Facebook è cambiato molto in questi anni (vedi osservatorio per l’evoluzione numerica), ma il racconto dei media mainstream dei vissuti degli utenti è rimasto sempre sospeso tra pregiudizi e sensazionalismi. Per la prima volta i risultati di una ricerca finanziata dal MIUR e condotta da cinque Università italiane sfatano alcuni dei miti fondanti del racconto cui siamo stati abituati.
“Relazioni sociali ed identità in Rete: vissuti e narrazioni degli italiani nei siti di social network” è il primo progetto di ricerca qualitativa su larga scala sui social network in Italia basata su ben 120 interviste in profondità (il sito ufficiale).
Ne vien fuori una maturità degli italiani nell’imparare a cogliere le opportunità offerte da Facebook: quello di essere uno spazio di riflessività connessa sul senso dell’amicizia e sul valore dei legami sociali, sulla necessità di preservare la propria sfera privata e l’opportunità di raccontarsi consapevolmente in pubblico.

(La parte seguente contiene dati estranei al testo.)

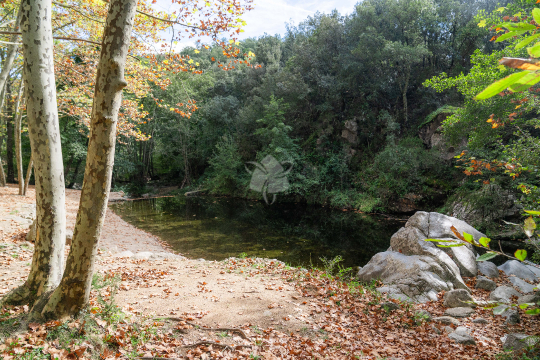 Arbre Gorga de les Dones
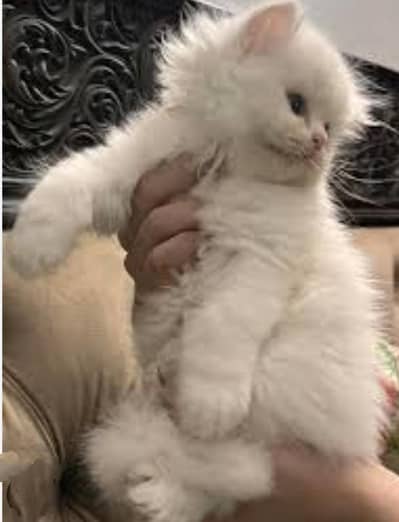 Heavy coated Persian kittens newborn in blue eyes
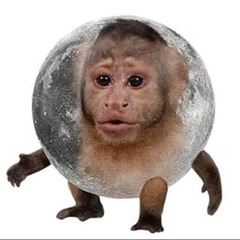 𝒩𝒶𝓃𝒾 🫶🏼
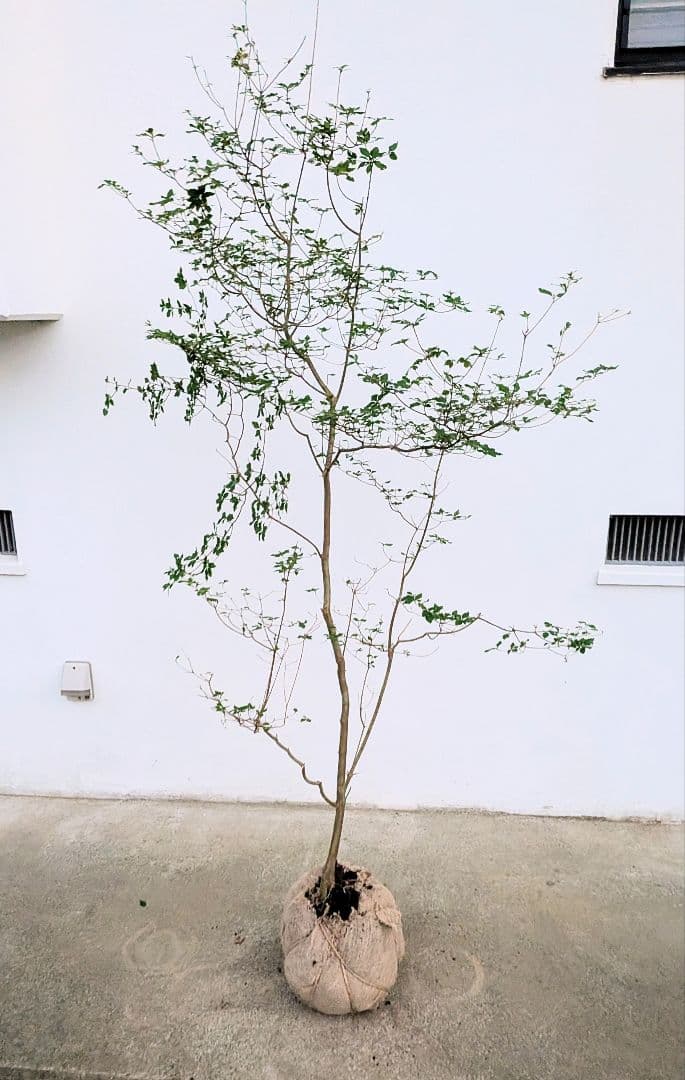 透き通るような。山採りドウダンツツジ。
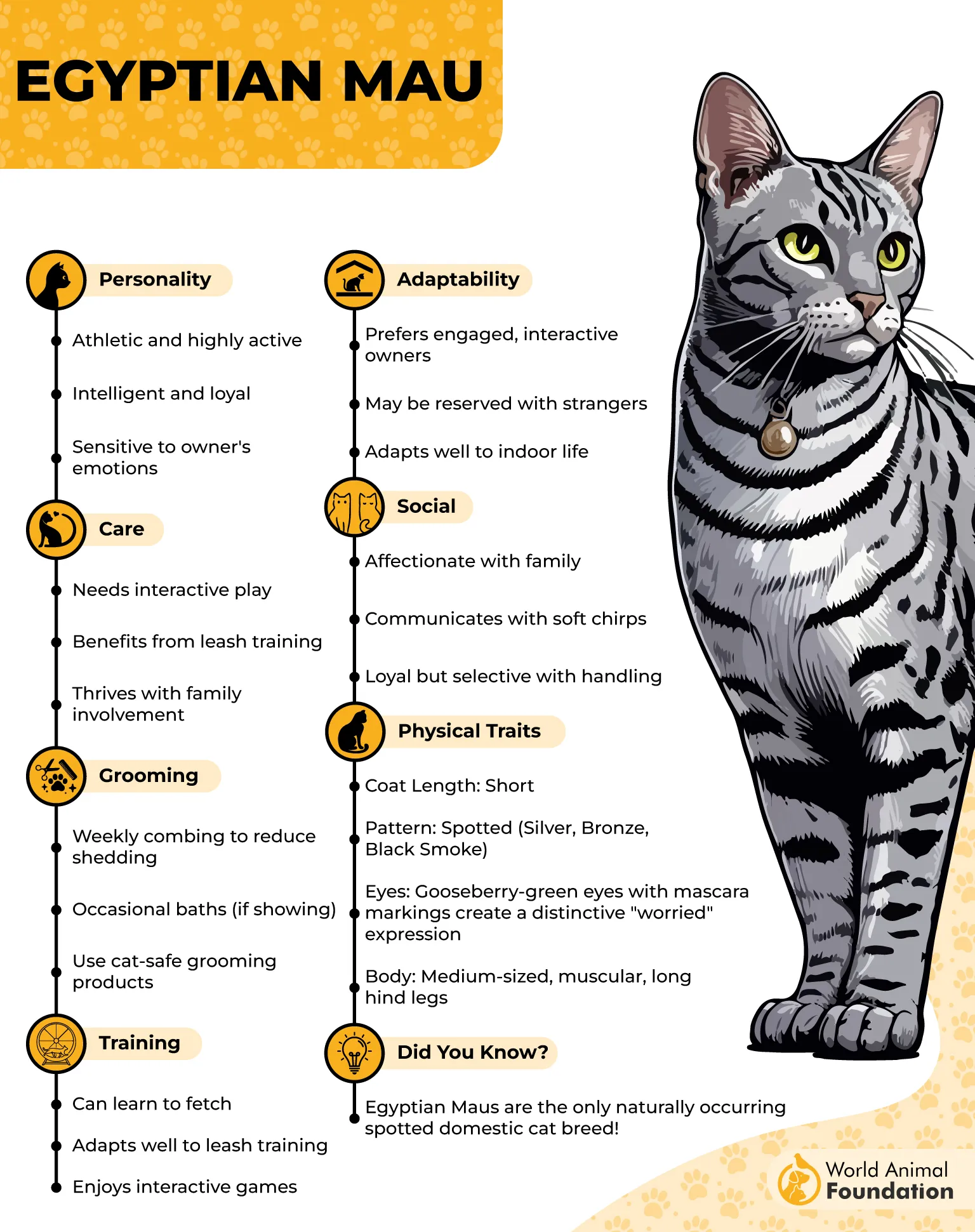Egyptian Mau Profile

Ecco alcuni dei luoghi comuni che vengono sfatati:
– “Chi sta su Facebook rinuncia alla privacy”: gli intervistati, giovani e adulti, dimostrano di conoscere i rischi legati alla condivisione di informazioni private, ma li percepiscono come distanti dai loro vissuti quotidiani. Hanno imparato a gestire strategicamente la propria identità privata in pubblico, utilizzando secondo i propri fini mutevoli le leve che la piattaforma consente (nell’immagine i differenti approcci alla privacy delle varie generazioni);
– “Stare su Facebook è il pretesto per pubblicare ogni cosa”: gli italiani sentiti dichiarano di essere molto attenti ai contenuti postati e condivisi arrivando anche ad auto censurarsi per agire in un modo ritenuto corretto per un ambiente non anonimo e semi‐pubblico come Facebook. Le persone imparano guardando se stessi, ma anche i comportamenti degli altri in rete;
– “Facebook è un luogo di simulazione della vita”: emerge chiaramente che il social network non viene visto come luogo di simulazione anonima e sganciato dalla realtà quotidiana, ma complementare e funzionale a presentarsi in accordo all’immagine che esprime meglio l’idea che uno ha di sé.

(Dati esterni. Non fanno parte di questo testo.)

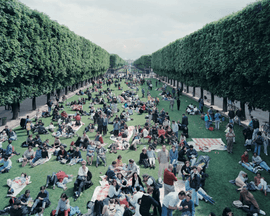 Artwork - Picnic Allee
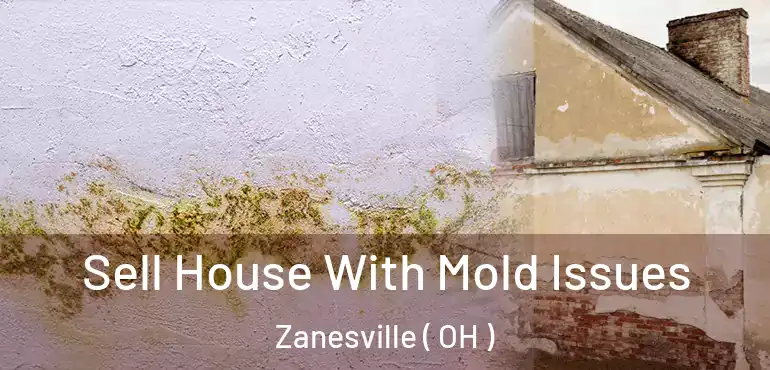  Sell House With Mold Issues Zanesville ( OH )
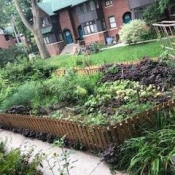 Bain co-op Gardening Crew 2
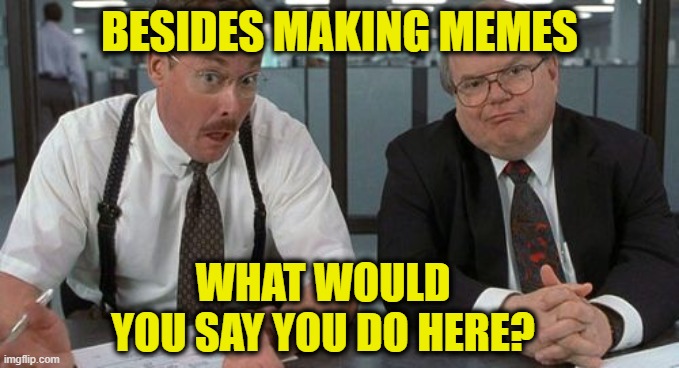 Desk Audit | BESIDES MAKING MEMES; WHAT WOULD YOU SAY YOU DO HERE? | image tagged in memes,the bobs | made w/ Imgflip meme maker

Per capire questi nuove pratiche può essere utile un quadrante che nasce dall’incrocio di self presentation (attitudine ad una presentazione di sé orientata all’inclusione o all’esclusione comunicativa) e social connections (alta o bassa eterogeneità dei legami sociali).
Ora sta a noi fare tesoro di queste evidenze per (contro)raccontare una rete che è cambiata, con buona pace di quanti vorrebbero ancora dipingerla come un mondo virtuale e pericoloso.